[Web page caption snippets]

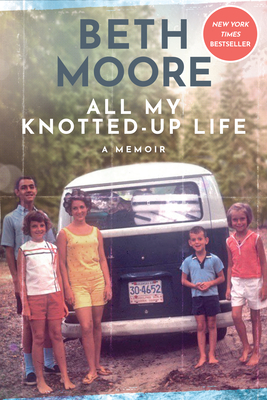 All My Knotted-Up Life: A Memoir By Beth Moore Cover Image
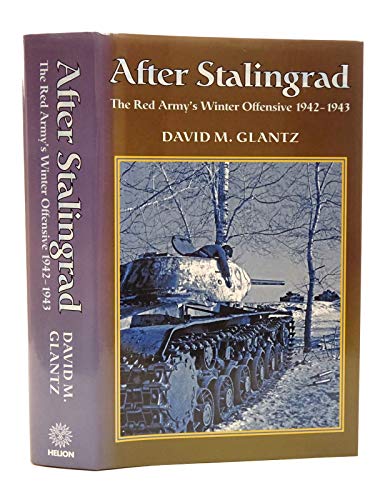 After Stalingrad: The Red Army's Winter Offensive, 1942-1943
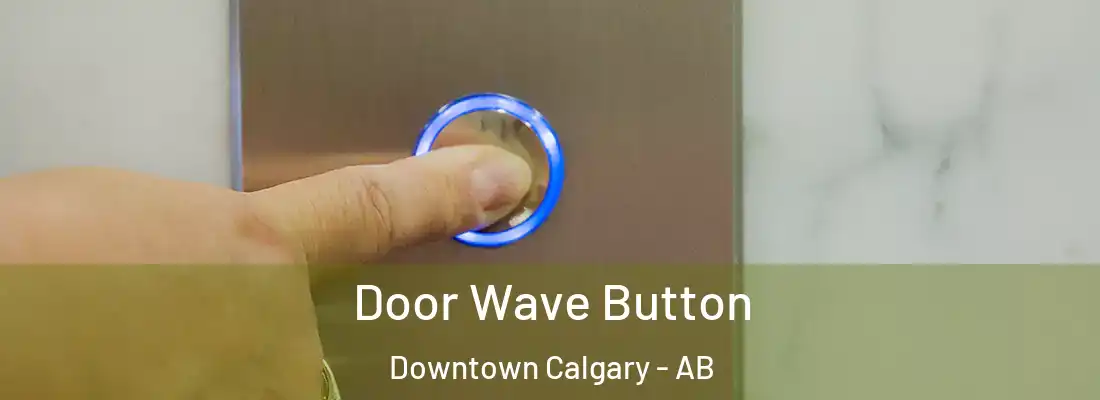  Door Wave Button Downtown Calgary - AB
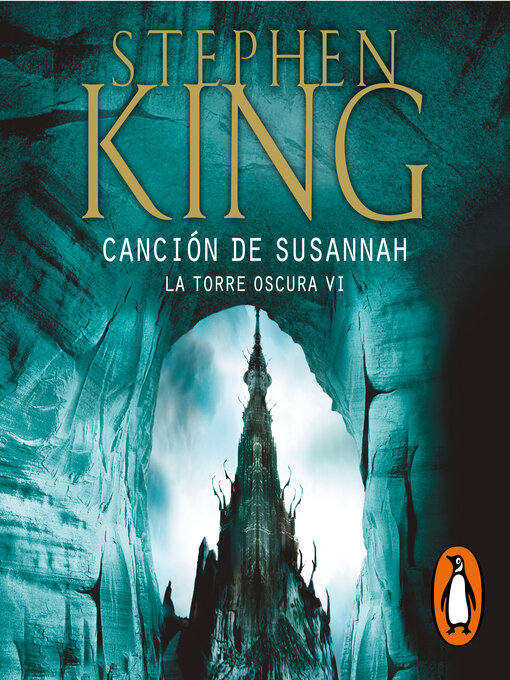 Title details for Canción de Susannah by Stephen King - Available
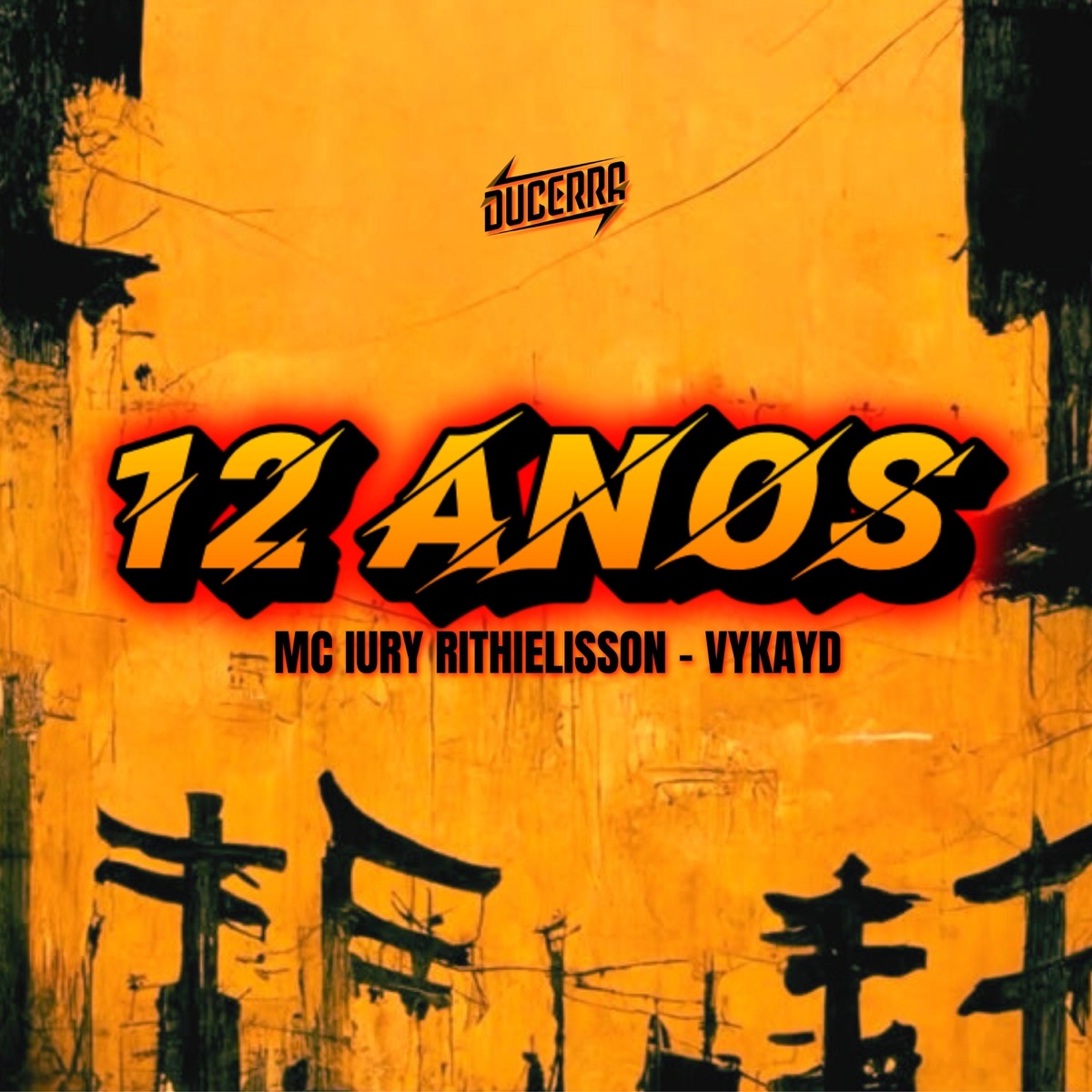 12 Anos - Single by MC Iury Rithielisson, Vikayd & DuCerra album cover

---

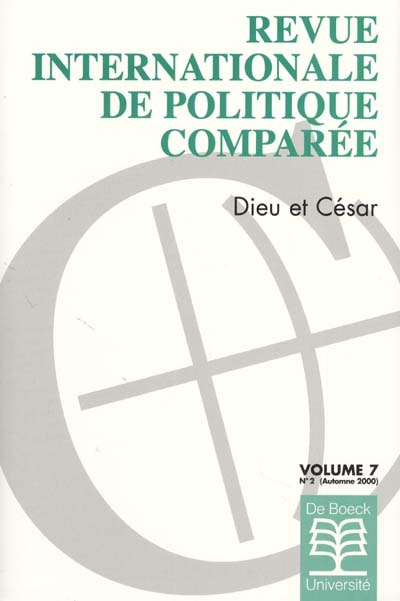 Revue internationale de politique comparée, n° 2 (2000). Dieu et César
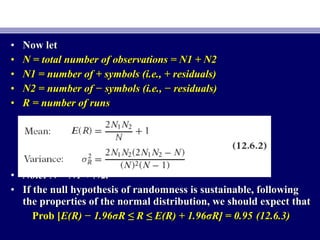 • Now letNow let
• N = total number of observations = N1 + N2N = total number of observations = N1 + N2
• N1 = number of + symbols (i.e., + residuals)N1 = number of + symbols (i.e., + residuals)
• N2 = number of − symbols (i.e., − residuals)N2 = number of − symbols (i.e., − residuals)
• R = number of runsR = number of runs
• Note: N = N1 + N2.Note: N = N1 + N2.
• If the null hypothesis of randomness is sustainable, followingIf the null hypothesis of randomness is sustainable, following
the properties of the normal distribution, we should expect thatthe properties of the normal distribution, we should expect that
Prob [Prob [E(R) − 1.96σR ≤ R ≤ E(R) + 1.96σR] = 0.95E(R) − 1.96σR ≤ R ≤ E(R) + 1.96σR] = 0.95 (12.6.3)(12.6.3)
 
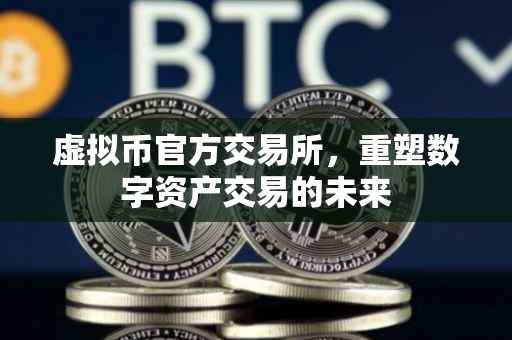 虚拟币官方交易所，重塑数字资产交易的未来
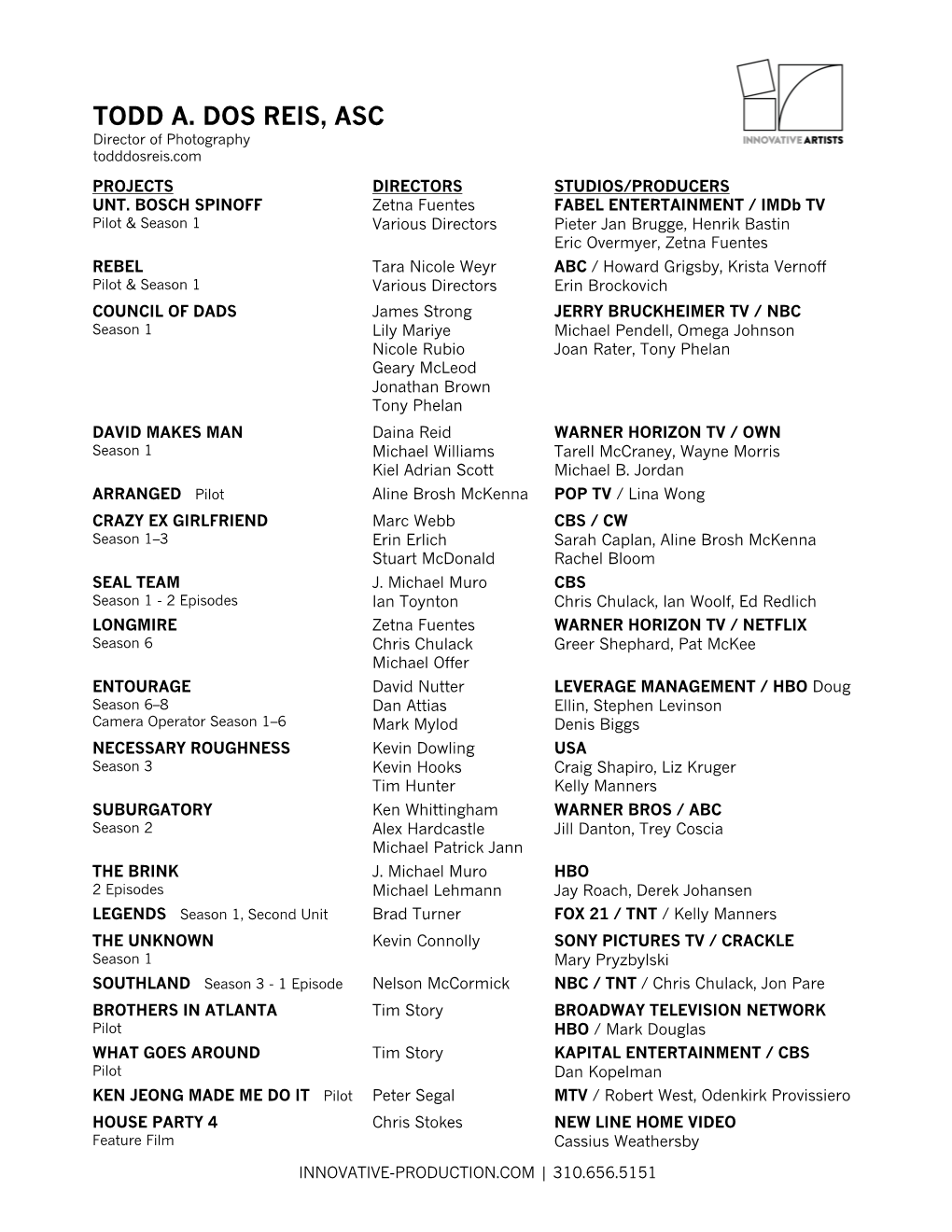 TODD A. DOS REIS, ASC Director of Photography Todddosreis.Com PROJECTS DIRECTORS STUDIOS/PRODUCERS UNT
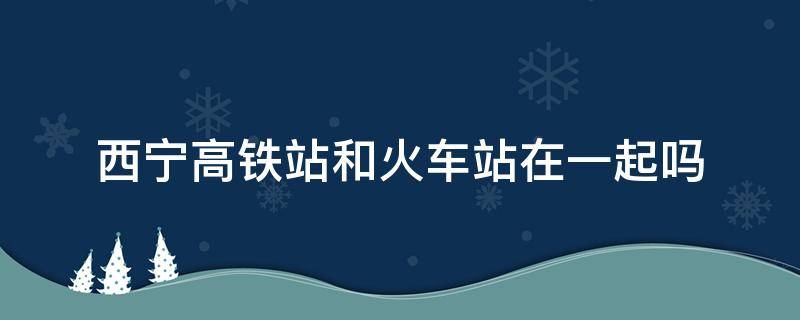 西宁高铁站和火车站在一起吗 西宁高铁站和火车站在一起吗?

**TASK TO COMPLETE:**
Copy out each line of the data where the string "residuals" appears.

**RESPONSE TO THE EXERCISE:**
• N1 = number of + symbols (i.e., + residuals)N1 = number of + symbols (i.e., + residuals)
• N2 = number of − symbols (i.e., − residuals)N2 = number of − symbols (i.e., − residuals)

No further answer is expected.